20. Implicit in the Formulae
Suprasegmental Features
Morphological Boundaries
Morphological [Syntactic] Relations: what affixes actually change the morpheme class; which affixes do not; etc.
Endocentric/Exocentric relations (having a head/no head which determines the morpheme class: TN2 = N3/TA2 = N3).
Order (the order in which morpheme classes come)

21. (Explicitly) Excluded from the Formulae
The following ‘syntactic facts [. . .] cannot be included in [the formulas] and must be found by separate investigations and expressed in separate statements’ (152):
Selection Features. These are (mostly) fine-tuned features within each class, creating sub-classes (wire-house/write-poetry/*‘wire-poetry’ in normal speech).

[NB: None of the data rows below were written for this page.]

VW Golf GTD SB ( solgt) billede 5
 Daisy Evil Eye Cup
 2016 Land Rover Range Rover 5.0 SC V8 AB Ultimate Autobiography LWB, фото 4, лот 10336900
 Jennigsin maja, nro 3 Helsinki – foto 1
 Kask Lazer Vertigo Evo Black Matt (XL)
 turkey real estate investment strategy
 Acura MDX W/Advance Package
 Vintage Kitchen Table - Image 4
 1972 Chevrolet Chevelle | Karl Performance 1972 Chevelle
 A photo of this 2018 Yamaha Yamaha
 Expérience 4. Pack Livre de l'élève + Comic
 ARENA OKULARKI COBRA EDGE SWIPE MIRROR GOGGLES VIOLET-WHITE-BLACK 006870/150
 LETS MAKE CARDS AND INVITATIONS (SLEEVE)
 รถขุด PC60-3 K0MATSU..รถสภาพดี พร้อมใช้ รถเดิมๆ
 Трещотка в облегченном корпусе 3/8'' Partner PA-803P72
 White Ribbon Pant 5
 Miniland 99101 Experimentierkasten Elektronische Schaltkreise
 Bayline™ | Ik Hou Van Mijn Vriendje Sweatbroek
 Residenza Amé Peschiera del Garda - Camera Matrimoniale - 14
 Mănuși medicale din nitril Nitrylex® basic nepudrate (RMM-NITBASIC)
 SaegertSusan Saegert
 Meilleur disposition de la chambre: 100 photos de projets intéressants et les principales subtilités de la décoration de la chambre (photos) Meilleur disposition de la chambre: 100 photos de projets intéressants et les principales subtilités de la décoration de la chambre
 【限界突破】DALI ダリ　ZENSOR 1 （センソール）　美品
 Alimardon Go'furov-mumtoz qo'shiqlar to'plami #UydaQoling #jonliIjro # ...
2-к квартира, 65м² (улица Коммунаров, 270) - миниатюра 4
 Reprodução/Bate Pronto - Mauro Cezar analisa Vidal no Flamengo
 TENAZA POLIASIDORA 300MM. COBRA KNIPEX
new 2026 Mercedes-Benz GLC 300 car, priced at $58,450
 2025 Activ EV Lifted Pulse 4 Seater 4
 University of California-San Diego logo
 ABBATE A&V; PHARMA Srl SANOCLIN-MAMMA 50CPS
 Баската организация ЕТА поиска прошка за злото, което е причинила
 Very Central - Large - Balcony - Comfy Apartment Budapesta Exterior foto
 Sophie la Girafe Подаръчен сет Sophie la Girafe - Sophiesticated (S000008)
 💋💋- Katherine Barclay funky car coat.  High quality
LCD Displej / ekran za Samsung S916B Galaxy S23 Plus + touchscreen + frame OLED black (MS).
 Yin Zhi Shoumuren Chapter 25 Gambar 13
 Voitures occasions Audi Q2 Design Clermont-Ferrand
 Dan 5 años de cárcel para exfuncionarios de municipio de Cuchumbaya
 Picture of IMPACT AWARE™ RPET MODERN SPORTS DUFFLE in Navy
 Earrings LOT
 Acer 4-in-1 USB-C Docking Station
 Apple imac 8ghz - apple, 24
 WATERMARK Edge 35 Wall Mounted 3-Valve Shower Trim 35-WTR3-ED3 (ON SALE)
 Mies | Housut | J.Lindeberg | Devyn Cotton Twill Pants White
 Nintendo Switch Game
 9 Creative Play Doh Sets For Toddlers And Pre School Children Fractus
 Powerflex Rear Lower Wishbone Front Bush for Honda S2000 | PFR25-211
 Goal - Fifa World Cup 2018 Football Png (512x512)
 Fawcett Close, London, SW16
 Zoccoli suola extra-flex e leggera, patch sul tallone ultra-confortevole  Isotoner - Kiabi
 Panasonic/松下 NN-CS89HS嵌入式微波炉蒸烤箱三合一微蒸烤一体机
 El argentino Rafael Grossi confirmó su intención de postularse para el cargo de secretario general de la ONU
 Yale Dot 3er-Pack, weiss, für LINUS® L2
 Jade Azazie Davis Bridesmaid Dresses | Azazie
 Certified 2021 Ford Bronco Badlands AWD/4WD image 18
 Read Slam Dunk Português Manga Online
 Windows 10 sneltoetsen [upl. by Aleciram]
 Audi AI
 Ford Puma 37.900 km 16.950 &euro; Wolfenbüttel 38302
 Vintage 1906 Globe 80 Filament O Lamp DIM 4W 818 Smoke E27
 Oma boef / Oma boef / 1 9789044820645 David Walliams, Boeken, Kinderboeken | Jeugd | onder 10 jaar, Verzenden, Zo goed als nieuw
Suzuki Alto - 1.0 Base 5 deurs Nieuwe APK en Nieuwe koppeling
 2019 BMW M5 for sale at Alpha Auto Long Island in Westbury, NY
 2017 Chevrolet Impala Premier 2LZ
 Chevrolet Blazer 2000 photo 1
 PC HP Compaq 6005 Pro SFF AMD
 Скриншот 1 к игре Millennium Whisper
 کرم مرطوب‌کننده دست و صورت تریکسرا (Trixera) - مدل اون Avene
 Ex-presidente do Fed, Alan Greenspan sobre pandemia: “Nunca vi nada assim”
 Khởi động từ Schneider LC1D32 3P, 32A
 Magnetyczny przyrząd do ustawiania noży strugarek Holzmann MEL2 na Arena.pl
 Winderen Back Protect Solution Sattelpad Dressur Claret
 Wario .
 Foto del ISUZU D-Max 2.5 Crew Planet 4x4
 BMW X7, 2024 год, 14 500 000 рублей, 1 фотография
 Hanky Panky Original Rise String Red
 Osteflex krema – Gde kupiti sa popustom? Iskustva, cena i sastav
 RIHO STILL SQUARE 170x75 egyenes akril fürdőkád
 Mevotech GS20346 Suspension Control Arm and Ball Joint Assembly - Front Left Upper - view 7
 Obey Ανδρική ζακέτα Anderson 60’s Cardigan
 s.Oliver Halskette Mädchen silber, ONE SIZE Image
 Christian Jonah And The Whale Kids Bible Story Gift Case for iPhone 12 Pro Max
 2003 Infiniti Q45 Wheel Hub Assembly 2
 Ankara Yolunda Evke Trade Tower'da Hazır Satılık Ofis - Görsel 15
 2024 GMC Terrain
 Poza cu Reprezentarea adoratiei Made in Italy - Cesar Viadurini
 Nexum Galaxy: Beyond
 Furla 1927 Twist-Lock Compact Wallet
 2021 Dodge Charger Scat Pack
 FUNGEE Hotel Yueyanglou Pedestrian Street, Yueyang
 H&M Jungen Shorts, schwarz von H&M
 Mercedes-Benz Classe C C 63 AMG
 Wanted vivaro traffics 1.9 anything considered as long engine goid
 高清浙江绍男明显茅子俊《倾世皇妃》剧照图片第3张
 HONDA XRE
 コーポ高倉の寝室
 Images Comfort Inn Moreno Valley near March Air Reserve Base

22. ‘The formulae also cannot in themselves indicate what [semantic] meanings may be associated with the various positions or classes’ (152 §8.3).
The formulas do not distinguish what an ‘N’ means from what a ‘V’ means, or subject from object, etc.; it is equally possible to include e.g., ‘◘’ (a completely meaningless symbol) for ‘V’, ‘◊’ for ‘N’.
This is why the formulas are syntactic (the way the morphemes/words are strung together into patterns) without reference to their semantics (what the morpheme patterns actually mean).